Newspaper in the United States of America

Lancaster Farming is the leading regional farm newspaper for the Northeastern and Mid-Atlantic United States.

== Description ==
Lancaster Farming has published weekly on Saturday since 1955. Paid circulation is about 53,000.

Lancaster Farming provides news, market and commodity reports, and agribusiness information and includes news about 4-H, FFA and fair events, and rural life. In addition, many subscribers get farm newspapers for the advertising of specials on parts and supplies, used implements, and auctions of land, and equipment, and livestock.

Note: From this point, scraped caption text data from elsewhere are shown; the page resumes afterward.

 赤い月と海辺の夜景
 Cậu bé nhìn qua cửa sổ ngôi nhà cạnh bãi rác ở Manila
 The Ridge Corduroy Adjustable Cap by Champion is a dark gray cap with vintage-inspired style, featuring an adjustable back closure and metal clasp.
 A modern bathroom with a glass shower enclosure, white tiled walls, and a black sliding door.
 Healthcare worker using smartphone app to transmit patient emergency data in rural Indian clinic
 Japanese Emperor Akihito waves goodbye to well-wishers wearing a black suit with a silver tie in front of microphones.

Lancaster Farming is printed in four to five sections, averaging about 200 pages per issue. Section A is devoted to breaking news, dairy and beef news, commodity market reports, and upcoming events. Section B is the family section which includes recipes, food and nutrition, antiques, and organizations such as 4-H, FFA and the Grange. Sections C and D have business news, new product information and updates, and other agribusiness information. Numerous special sections published throughout the year cover topics such as the dairy industry, horses and renewable energy. Section E is devoted to special segments of agriculture with such titles as Mid-Atlantic Horse, Eastern Dairy Reporter, Ag Technology, etc.

== Archive ==
Lancaster Farming 1955-2003 is available online through The Pennsylvania State University Libraries' Digital Newspapers Program. The Pennsylvania State University Libraries are also spearheading a collaborative effort in Pennsylvania to develop the Pennsylvania Newspaper Archive (PANA). Lancaster Farming, as a significant historical Pennsylvania newspaper, is included from initial publication in November 1955 until December 2003.